PUSD 'Green Czar' reports first round of savings to district
By Sara Cardine 05/24/2012
From June 2011 to the beginning of 2012, Pasadena Unified School District offset nearly $400,000 in energy spending, thanks partly to the efforts of newly hired energy education specialist Chris Anderson.
Anderson, who segued from teaching math at Pasadena High School to take the position last May, is on a mission to save $1 million in a single year through rebates and energy saving efforts at the district’s 29 school sites. In a presentation Tuesday before PUSD’s Facilities Subcommittee, Anderson reported a total of $398,367 worth of costs had been avoided in six months time.

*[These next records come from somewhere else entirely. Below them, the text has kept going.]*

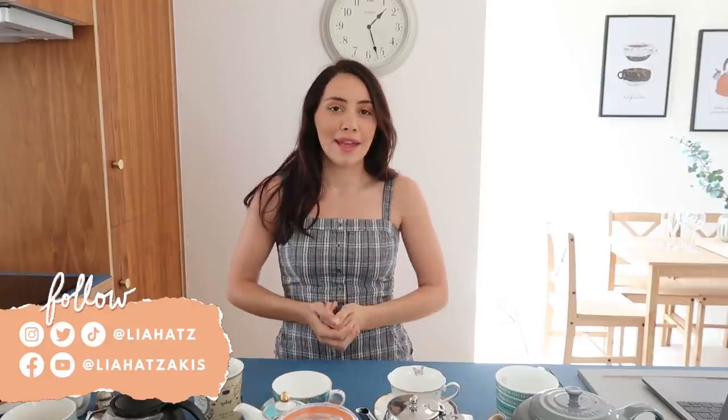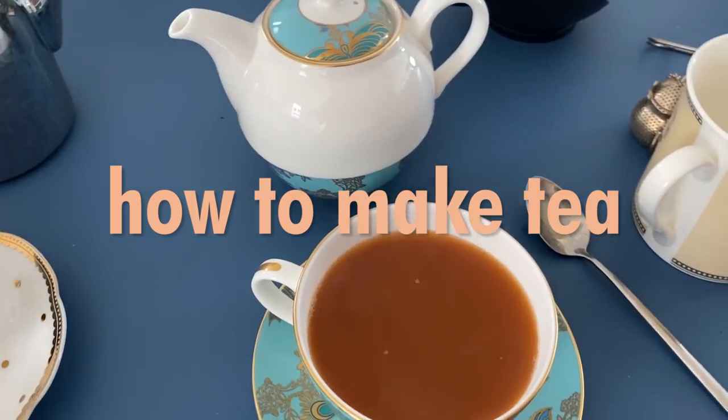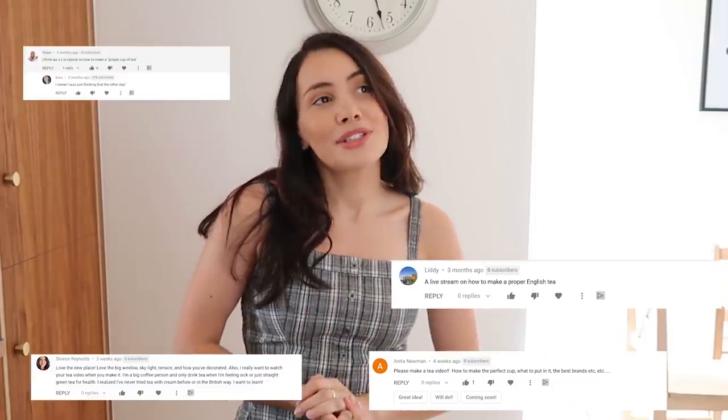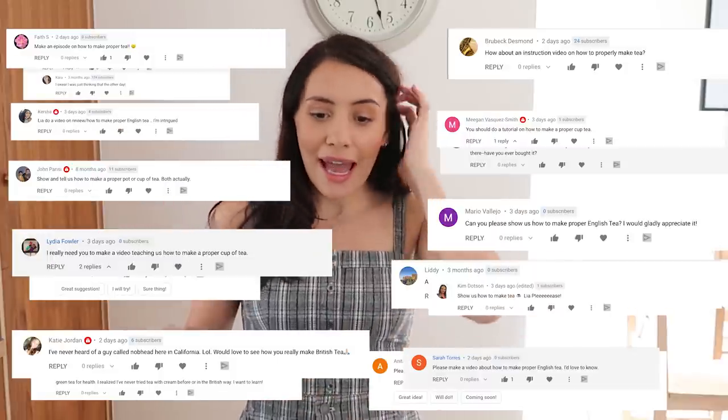Hello everyone, welcome back to my channel. My name is Leah and today I thought I would take you through how I make tea. It sounds so simple but I get this question all the time — 'Leah, please show us how you make a proper cup of tea' — and the answer is that there are so many different ways.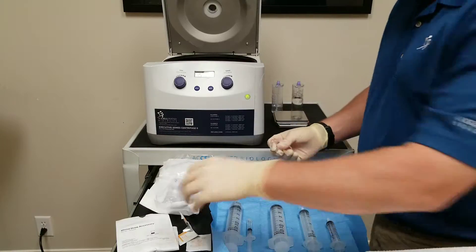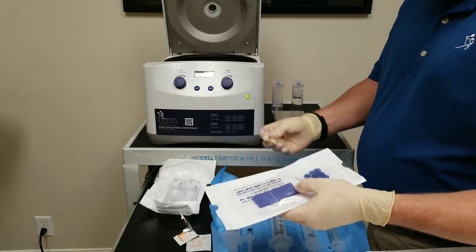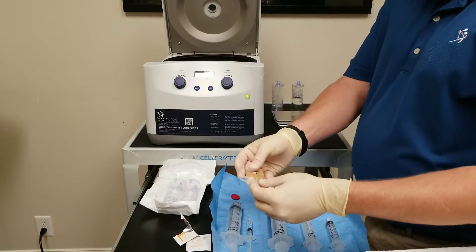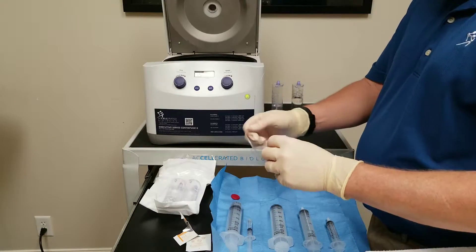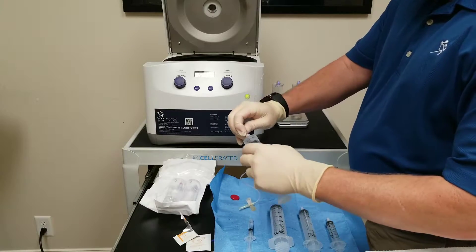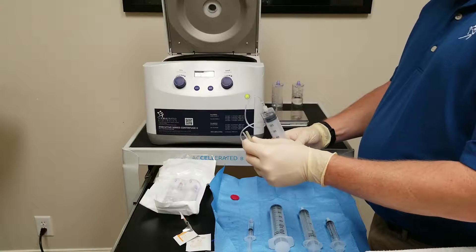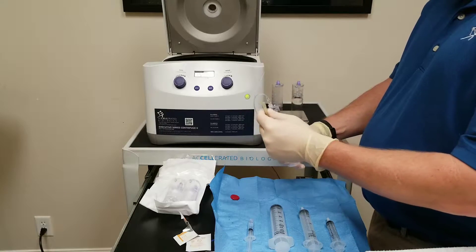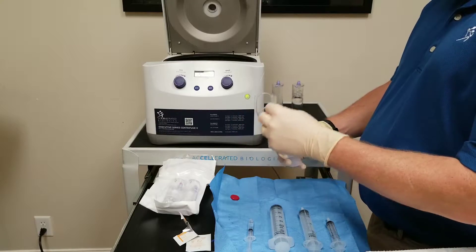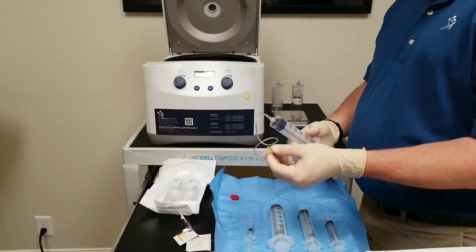Use our blood draw accessory which will have your tourniquet, band-aid, gauze, your necessary alcohol swabs, and a 19 gauge butterfly needle. Attach the butterfly needle to our 60 ml syringe, and I just like to prime it so I can have all the anticoagulant — I can see it go all the way through the tube and it just pops up the tip. So at this point we would now be ready to draw blood from the patient.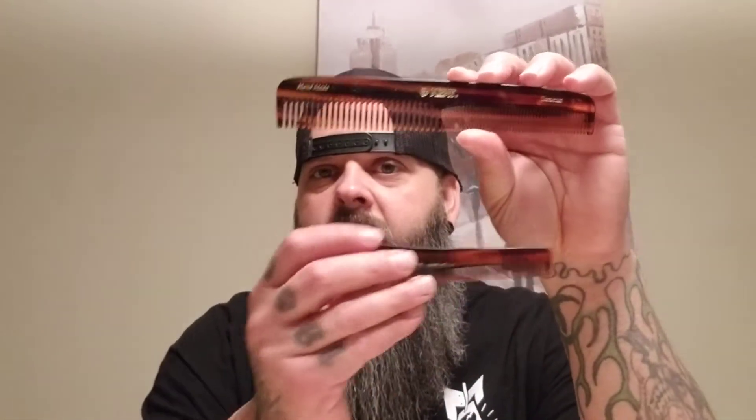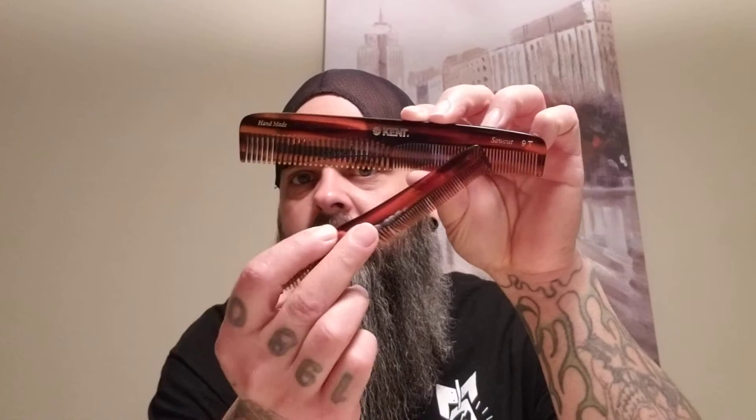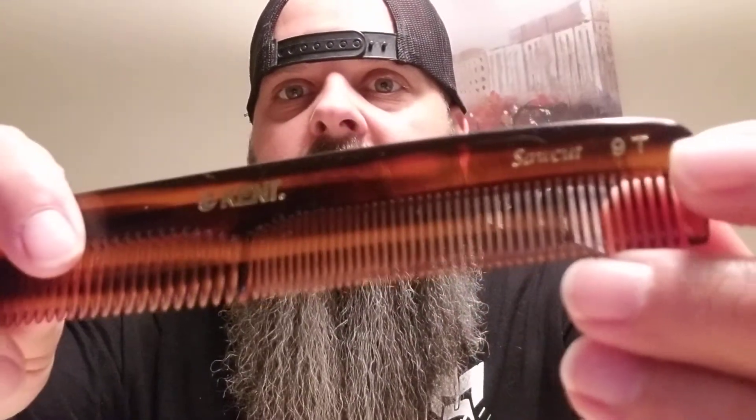From there I upgraded my Kent comb. The Kent comb is one of the best combs you can get — it really is. As my beard got longer I went to a bigger Kent comb. You can see the sizes are a lot different. The Kent comb has a small tooth on one side and a wide tooth on the other. This one here is a 9T — it's a really good size. These combs glide through your beard pretty well. I won't wake up in the morning and brush my beard straight out with this comb, but I can't go without it.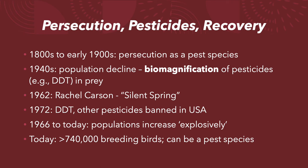As a result, from about the mid-1960s through today, double-crested cormorant populations increased explosively. Some colonies in the Great Lakes have been observed doubling in size within five years — very rapid population growth. Today it's estimated there are more than 740,000 breeding birds in the United States, and they're actually considered a threat to aquacultures like fish farms and to other colonial birds. The U.S. Fish and Wildlife Service will occasionally even permit controlled shootings if their populations are getting out of hand.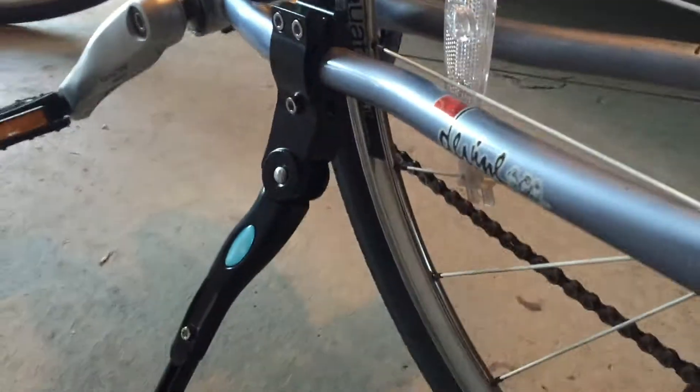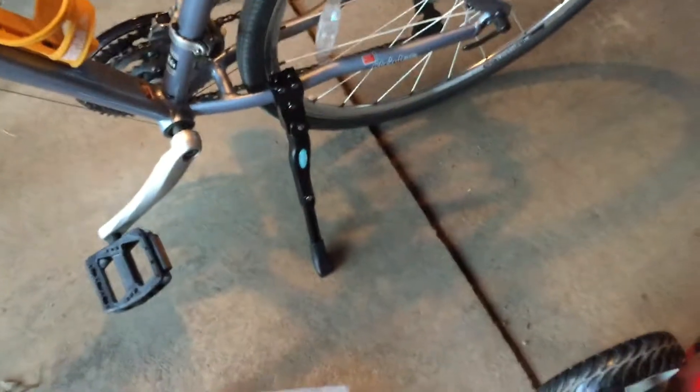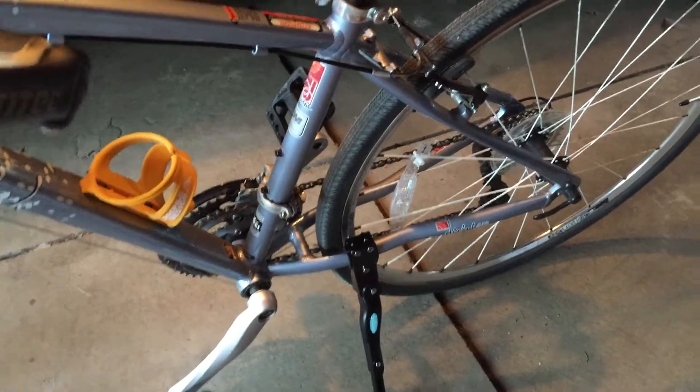And another view. Further view. Pretty neat little device for bikes that don't come with kickstands. And I'll show you the retention on this.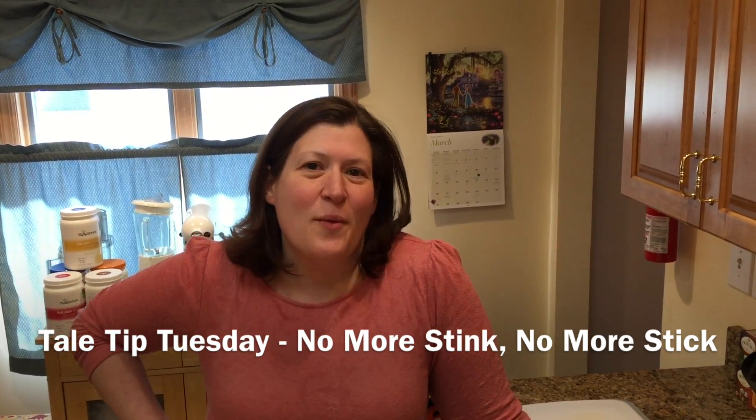Hello and welcome to another installment of Tail Tip Tuesday with the Tale of Two Moms. I'm Dawn and I'm back with another kitchen tip actually involving garlic again.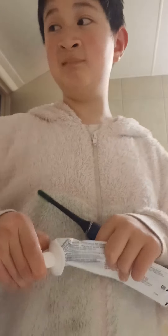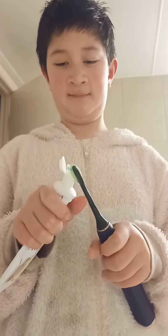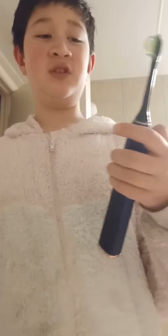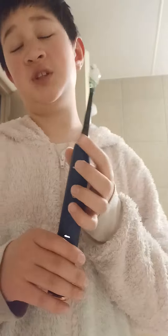Here we are. So I use my W3 toothbrush as usual. I rinse it and start brushing. I'm not actually going to brush my teeth on camera — well I am — but I'm just going to cut the video so you guys are not going to see all the boring stuff.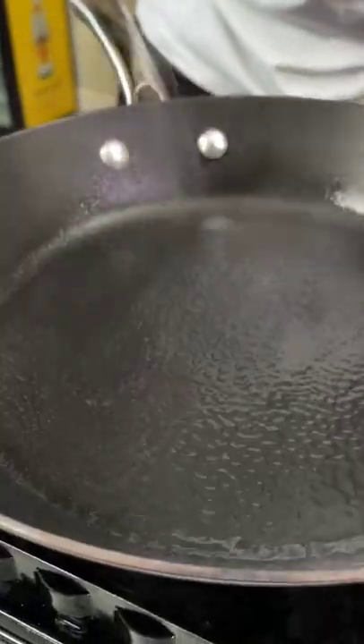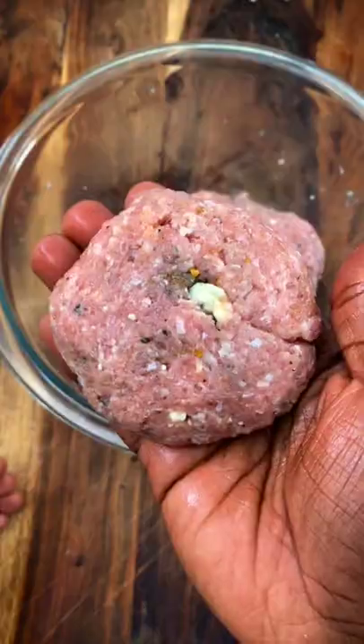Set a skillet on medium-high heat, spray with olive oil, then scoop out the ground turkey. Form a patty then place in the skillet.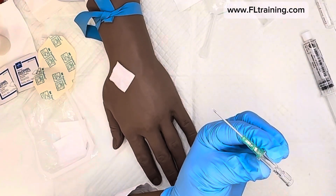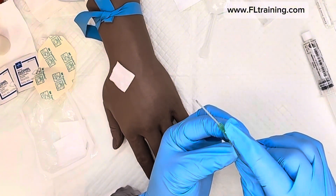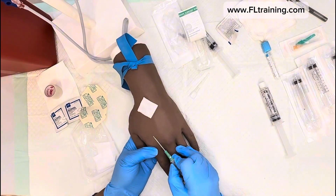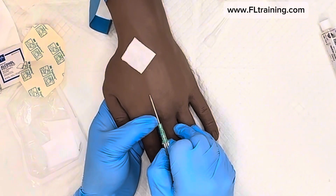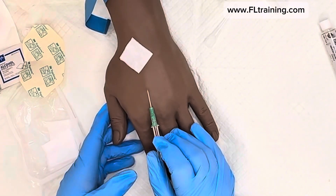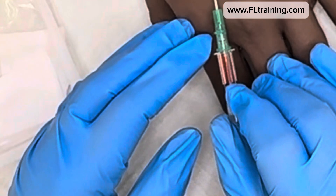The only part that stays in the patient is the catheter — the plastic part. You're removing the metal. Educate your patient and let them know they'll feel a stick — don't say it won't hurt because it probably will. I like to pull the skin down taut and go in on three: one, two, three. Once you're in, pause for a moment — I already have backflash, which is the goal.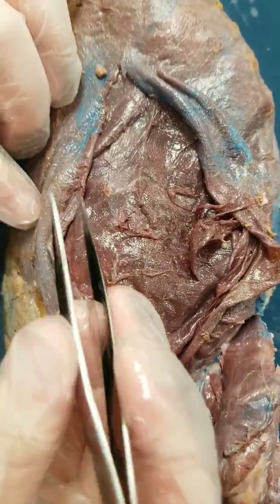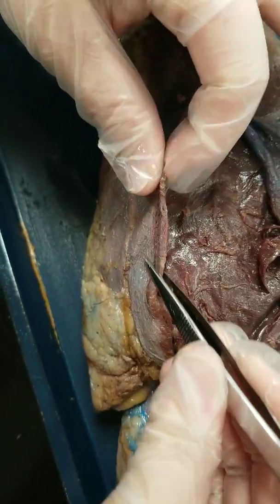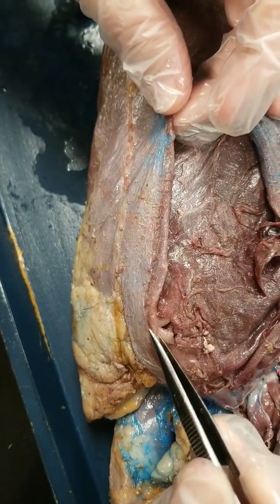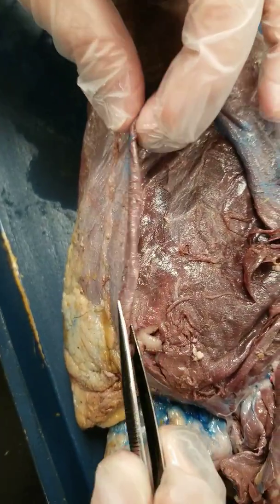The next muscle is the rectus abdominis muscle. This is a band that goes down the center of the mink. You're going to go underneath it with your forceps and lift it up — it's a band.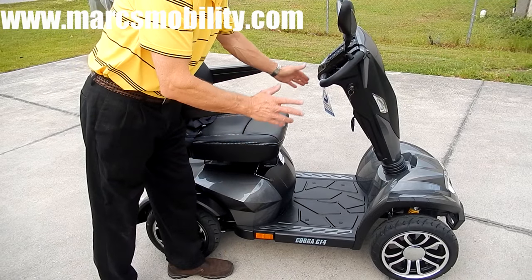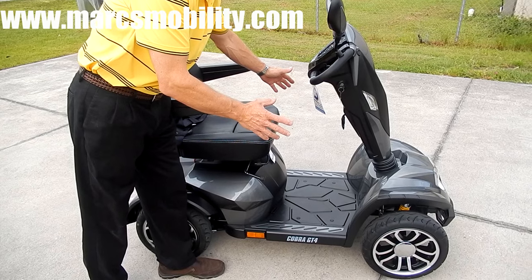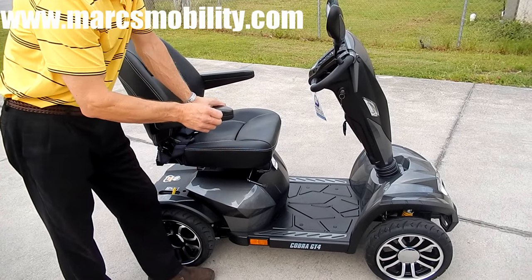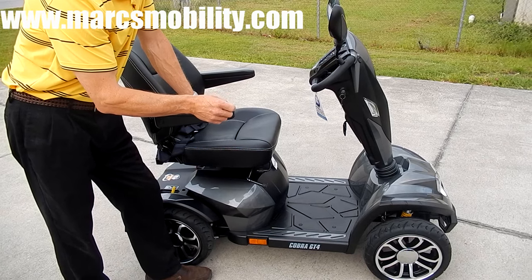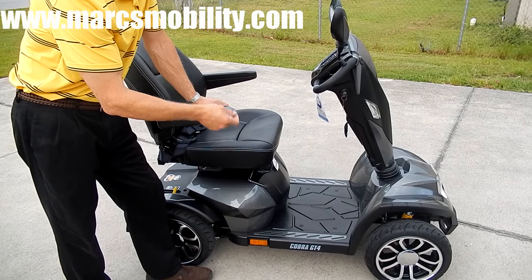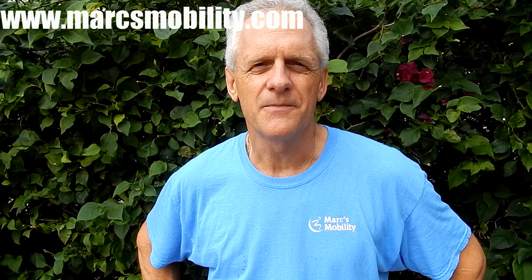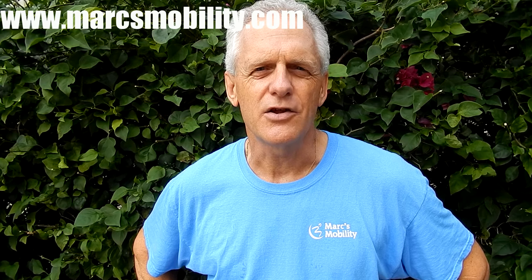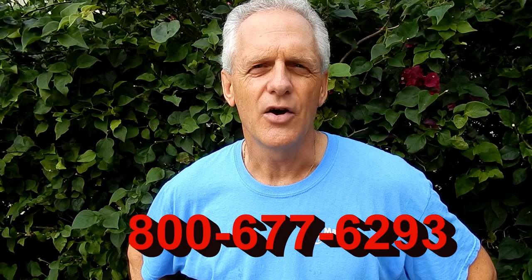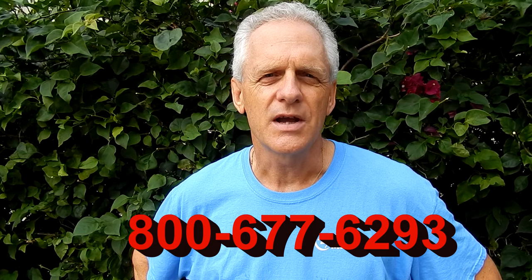This scooter is almost 29 inches wide, so remember that when you need to go through doors or park it somewhere. It's 29 inches wide, and this scooter will carry up to 450 pounds — it does have a heavy load capacity. Fantastic suspension, fantastic ride. This is Mark with Mark's Mobility. We are a family-owned business for over 20 years. Thank you for watching. We have several other models available. If you have any questions, please call the number below: 800-677-6293. Thank you again for watching.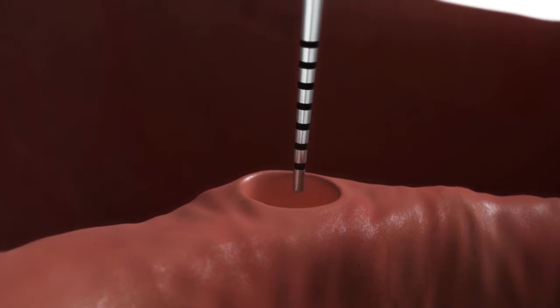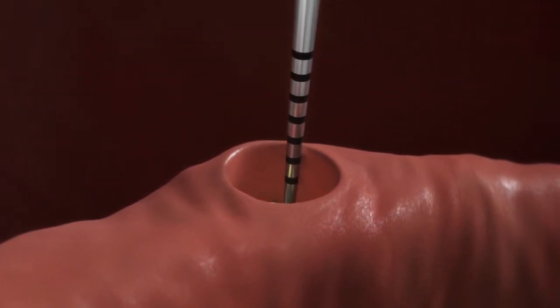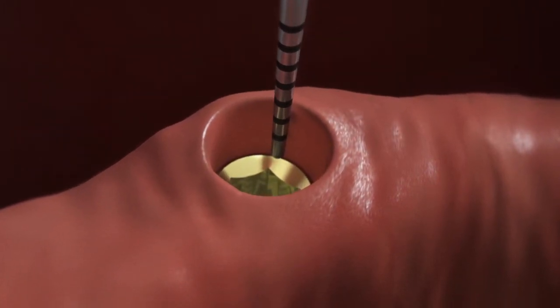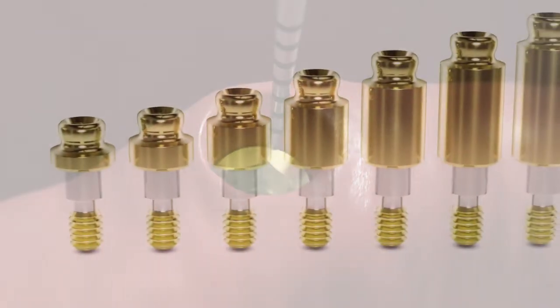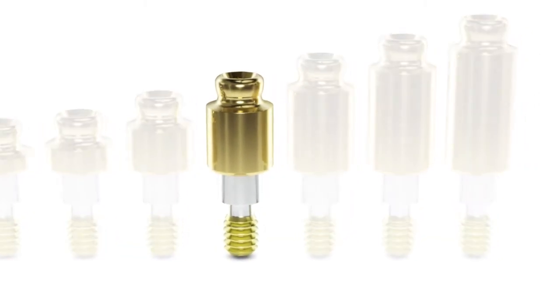Select an OD Secure abutment based on the prosthetic platform and the tissue height. Measure the tissue height from the top of the implant to the top of the gingiva at its highest point. Choose the abutment cuff height that is equal to or slightly taller than the tissue.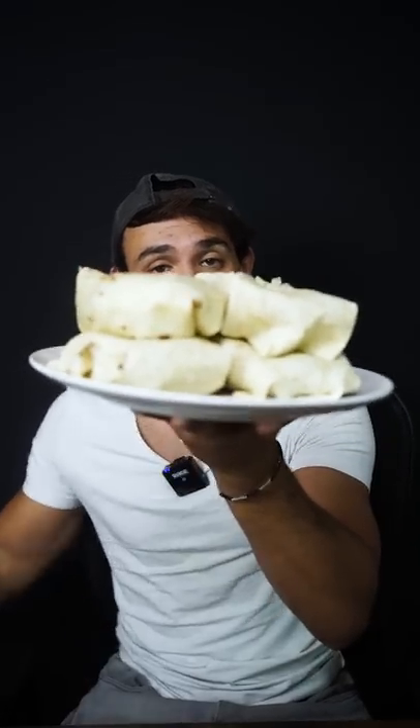We still had four tortillas left and a ton of rice. Honestly, I feel really stupid looking at this, knowing that this costs the exact same as this.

Cost avoidance is different from concrete savings, Anderson explained. For example, if last year the district paid $10 for 1 kilowatt of power and used 10 kilowatts, the cost would be $100. And then, say, this year the rate hiked to $11, but with the energy saving efforts in place, the district used only 9 kilowatts — its concrete savings would be only $1, but its cost avoidance would be $11, the difference between what it would have spent for the old usage at the new rate and what it actually had to pay.
Anderson earned PUSD an additional $19,513 in low energy rebates for guaranteeing unused school buildings would remain in a low-use state throughout last summer. When the totals from a full, one-year cycle are released this fall, Anderson expects the district will have gained nearly $80,000 in rebates.
During the six-month reporting period, Pasadena Unified reduced its energy consumption by an equivalent of 846 metric tons of carbon dioxide, Anderson reported. The impact of that is roughly the same as removing 152 passenger cars from roads for one full year, or the amount of carbon dioxide mitigated by 21,646 trees in a decade.
“I like to think of [the reduction] in terms of trees instead of cars, because every time I get on the 110 Freeway, I think 152 of you guys shouldn’t be here,” Anderson joked.
Still too tentative to express outright confidence in the $1-million goal, Anderson says he’s optimistic, but realizes the program will only be as successful as the teachers, administrators and staff who commit to policing their own energy use.
“It’s my job is to tell people they can’t do whatever they want to do anymore,” he said. “It’s like I’m the Grinch or something, so I expected some pushback. But most people understand what I do and why I do it.”